Two-thirds of the movie is an entertaining, scary and interesting horror-mystery. The final thirds has elements that are unexpectedly emotional and gripping but the payoff is weak and insufficient compared to the scale of what came before.
Visually, the film is ensconced in the bag of tricks of horror films. We have a lot of POV shots, emphasising subjectivity; we have the jarring sound and music tricks, including the sudden silences and long pauses before the big scare. From The Exorcist we have the drooling and creepy children, the leathery creatures of the night.

The true strength of the film is its story. Kate Bosworth’s character is personally guilty of what her husband considers abuse, i.e., using a living child as a conduit and proxy to vicariously grieve for her dead child. Cody, the magical child, is an innocent figure, but there is one deliciously dark moment. For the most part, the boy avoids using his powers, even dangerously indulging in sleep deprivation, but on the other hand like any boy afraid and angered by bullies, he will try and respond in kind, and abuse his powers out of anger. These moments give the film moments of interest. The darkest and most tragic part of the film also comes across as a disturbing moral line crossed by the mother.

Kate Bosworth and Thomas Jane were actors who had better notices a few years ago. For the most part, the couple provides a great deal of additional complexity to their roles, which on paper could have made them satellite adjuncts to the magical child. They believably come across as a couple who are emotionally distant from each other as a result of a personal loss, but who also bring additional shades to their characters. Thomas Jane is incredibly warm as a gentle, humorous and father figure. One scene where he takes Cody out for a walk and privately shares a secret, carries it with that exchange of vulnerability and strength that comprises father-son relationships.

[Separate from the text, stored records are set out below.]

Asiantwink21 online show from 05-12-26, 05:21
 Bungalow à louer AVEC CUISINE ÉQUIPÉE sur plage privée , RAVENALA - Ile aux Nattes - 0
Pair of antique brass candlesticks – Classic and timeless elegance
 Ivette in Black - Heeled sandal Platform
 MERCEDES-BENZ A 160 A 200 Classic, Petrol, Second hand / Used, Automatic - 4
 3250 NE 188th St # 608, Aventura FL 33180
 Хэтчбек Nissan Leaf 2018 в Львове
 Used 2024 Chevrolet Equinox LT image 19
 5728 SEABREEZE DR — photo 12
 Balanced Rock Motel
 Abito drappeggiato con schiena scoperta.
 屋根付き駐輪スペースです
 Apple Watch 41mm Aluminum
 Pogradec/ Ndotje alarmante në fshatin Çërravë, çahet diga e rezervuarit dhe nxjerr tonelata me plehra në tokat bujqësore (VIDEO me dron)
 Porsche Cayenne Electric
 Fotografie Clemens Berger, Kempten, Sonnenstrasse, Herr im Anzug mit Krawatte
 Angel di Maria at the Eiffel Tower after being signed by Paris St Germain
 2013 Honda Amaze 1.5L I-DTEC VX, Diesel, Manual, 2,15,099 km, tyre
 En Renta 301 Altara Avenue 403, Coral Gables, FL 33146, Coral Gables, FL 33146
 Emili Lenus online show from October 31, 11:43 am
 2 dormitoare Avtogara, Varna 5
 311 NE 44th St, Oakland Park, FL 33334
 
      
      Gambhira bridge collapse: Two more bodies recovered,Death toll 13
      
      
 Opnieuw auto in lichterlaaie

Kate Bosworth’s character has the more complex role, in that she has to be selfish and selfless at the same time, convey the negligence of everyday cruelty and yet be empathetic. She does this well. Formerly a rising star, she has done well in some of her recent films, namely Still Alice and the remake of Straw Dogs of 2011, and this film continues the trend.

Much like It Follows, Before I Wake is a horror movie that mixes the horror movie with elements from the independent film and the serious drama. This isn’t an attempt to take a more realistic approach to horror. We still get some of the same horror bag of tricks: the scare chords, the scenes set entirely in light; the vaguely threatening use of staircases, lonely rooms, and the scary images such as creepy flies (signifying decay). Rather it is an attempt to use genre means for serious ends.

Try and provide the same emotional catharsis that a serious drama could do within a genre construct while still delivering on all the horror chills and goosebumps. Of course, the risk of taking this approach is that you are making a movie serving two masters, and to fully succeed you must please both of them, and satisfy your audience.

Mark Flanagan, who has two additional supernatural horror films coming out in 2016, infuses this film with a lot of emotional depth but has perhaps juggled too much in a film. The effort however is commendable as there are many interesting scenes that justify the film’s ambition. It recognises that horror movies can be more, and do more, than roller-coaster biological reactions in the stomach and nerves, in this it brings forth ideas that will continue our never-ending relationships with our fears and desires.